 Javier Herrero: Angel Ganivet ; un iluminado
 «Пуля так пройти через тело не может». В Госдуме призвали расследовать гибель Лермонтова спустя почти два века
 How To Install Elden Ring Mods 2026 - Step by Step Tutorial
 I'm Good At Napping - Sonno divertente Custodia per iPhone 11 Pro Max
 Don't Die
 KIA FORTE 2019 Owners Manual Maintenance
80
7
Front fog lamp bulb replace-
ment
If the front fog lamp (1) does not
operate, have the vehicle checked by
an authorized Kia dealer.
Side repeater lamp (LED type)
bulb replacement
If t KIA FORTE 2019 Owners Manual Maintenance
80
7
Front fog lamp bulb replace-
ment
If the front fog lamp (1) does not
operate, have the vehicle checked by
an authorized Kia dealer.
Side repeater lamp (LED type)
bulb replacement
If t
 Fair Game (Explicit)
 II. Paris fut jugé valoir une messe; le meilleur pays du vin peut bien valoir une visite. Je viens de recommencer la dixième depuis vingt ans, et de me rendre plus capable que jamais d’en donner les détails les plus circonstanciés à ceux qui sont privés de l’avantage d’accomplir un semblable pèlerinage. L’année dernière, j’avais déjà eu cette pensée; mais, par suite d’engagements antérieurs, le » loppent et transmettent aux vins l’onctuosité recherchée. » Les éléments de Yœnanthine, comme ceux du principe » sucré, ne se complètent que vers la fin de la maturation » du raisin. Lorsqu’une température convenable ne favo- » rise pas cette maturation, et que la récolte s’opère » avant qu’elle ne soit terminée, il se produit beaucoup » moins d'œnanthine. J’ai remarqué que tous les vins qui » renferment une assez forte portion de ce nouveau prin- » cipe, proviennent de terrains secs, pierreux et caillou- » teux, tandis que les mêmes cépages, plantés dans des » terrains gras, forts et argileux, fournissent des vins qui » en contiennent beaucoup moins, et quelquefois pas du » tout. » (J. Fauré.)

...

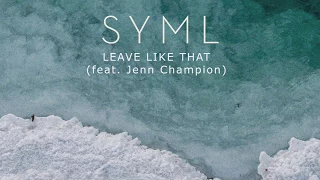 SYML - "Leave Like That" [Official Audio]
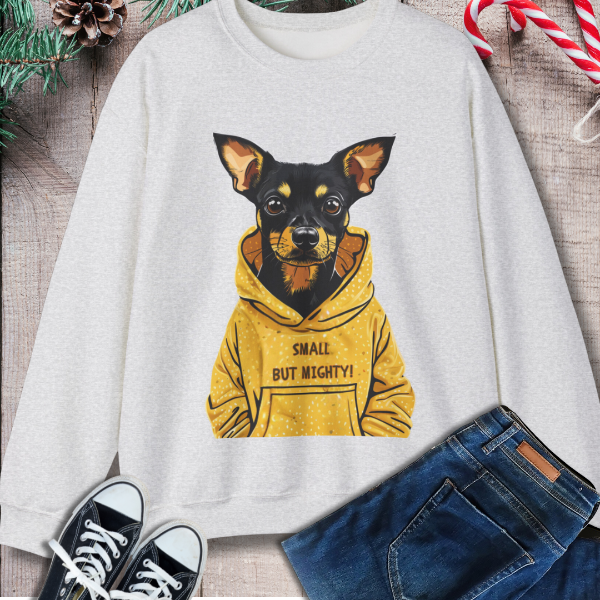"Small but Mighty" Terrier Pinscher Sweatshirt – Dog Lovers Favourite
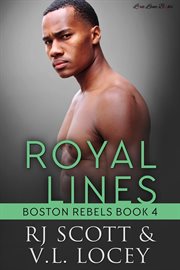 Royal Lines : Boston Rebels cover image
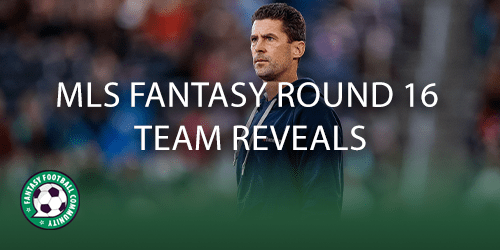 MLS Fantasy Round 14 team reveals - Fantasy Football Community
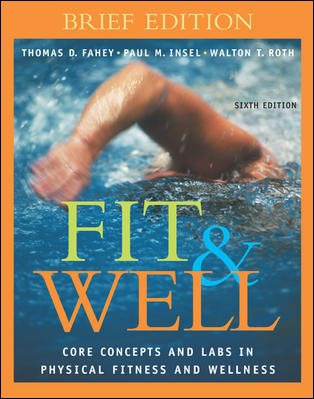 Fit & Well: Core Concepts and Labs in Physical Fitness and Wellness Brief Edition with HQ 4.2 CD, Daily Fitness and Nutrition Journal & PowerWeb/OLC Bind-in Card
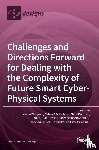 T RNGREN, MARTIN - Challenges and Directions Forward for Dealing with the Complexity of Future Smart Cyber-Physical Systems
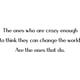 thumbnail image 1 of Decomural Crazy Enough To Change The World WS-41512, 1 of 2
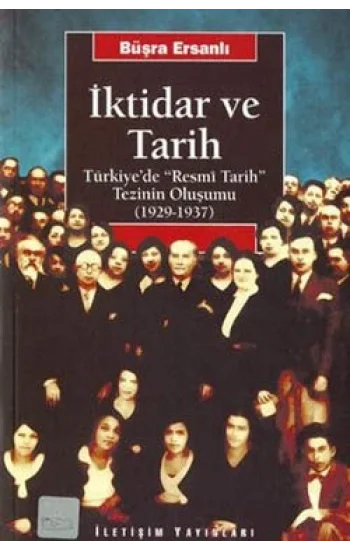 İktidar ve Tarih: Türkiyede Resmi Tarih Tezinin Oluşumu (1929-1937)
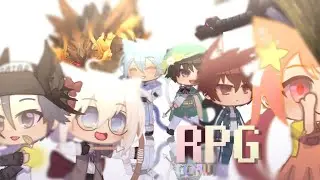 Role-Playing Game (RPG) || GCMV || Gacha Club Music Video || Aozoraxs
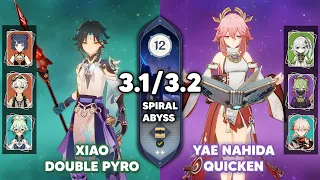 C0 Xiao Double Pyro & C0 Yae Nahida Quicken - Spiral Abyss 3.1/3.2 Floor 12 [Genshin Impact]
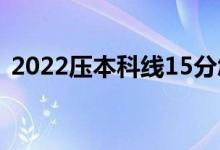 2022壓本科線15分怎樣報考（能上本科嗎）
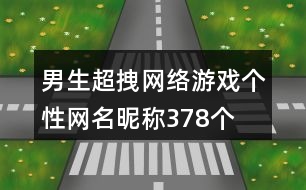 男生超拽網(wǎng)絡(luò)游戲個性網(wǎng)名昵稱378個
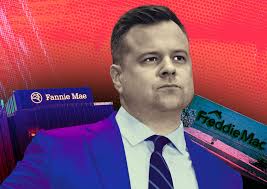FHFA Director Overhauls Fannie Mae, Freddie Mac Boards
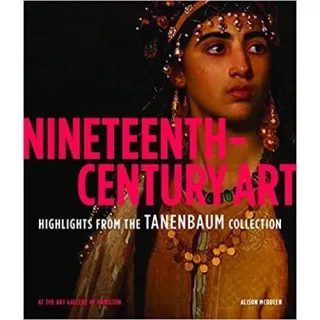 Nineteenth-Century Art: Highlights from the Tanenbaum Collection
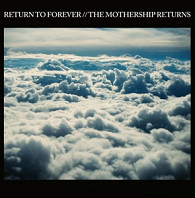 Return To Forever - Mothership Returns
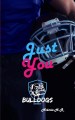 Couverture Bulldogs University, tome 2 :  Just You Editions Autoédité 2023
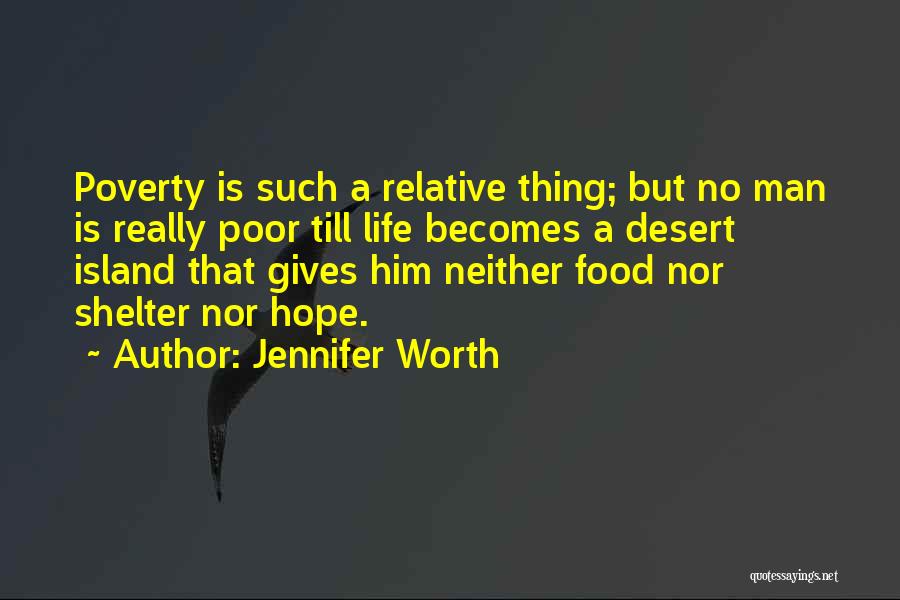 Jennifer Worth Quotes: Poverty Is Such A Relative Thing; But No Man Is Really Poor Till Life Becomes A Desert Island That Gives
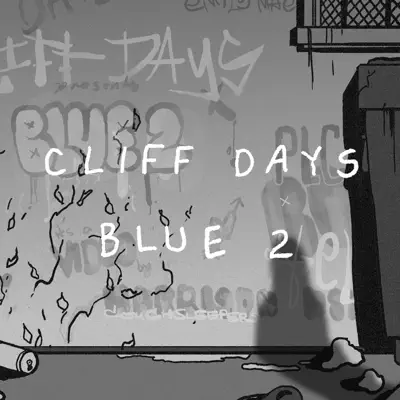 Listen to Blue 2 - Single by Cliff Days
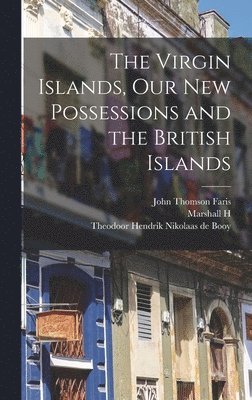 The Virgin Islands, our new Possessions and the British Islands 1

■ **WORK ORDER**: Print again the lines of the entries above that fall between the line holding "Javier Herrero: Angel Ganivet ; un iluminado" and the line holding "How To Install", inclusive, exactly as they stand.

■ **ANSWER**:
 Javier Herrero: Angel Ganivet ; un iluminado
 «Пуля так пройти через тело не может». В Госдуме призвали расследовать гибель Лермонтова спустя почти два века
 How To Install Elden Ring Mods 2026 - Step by Step Tutorial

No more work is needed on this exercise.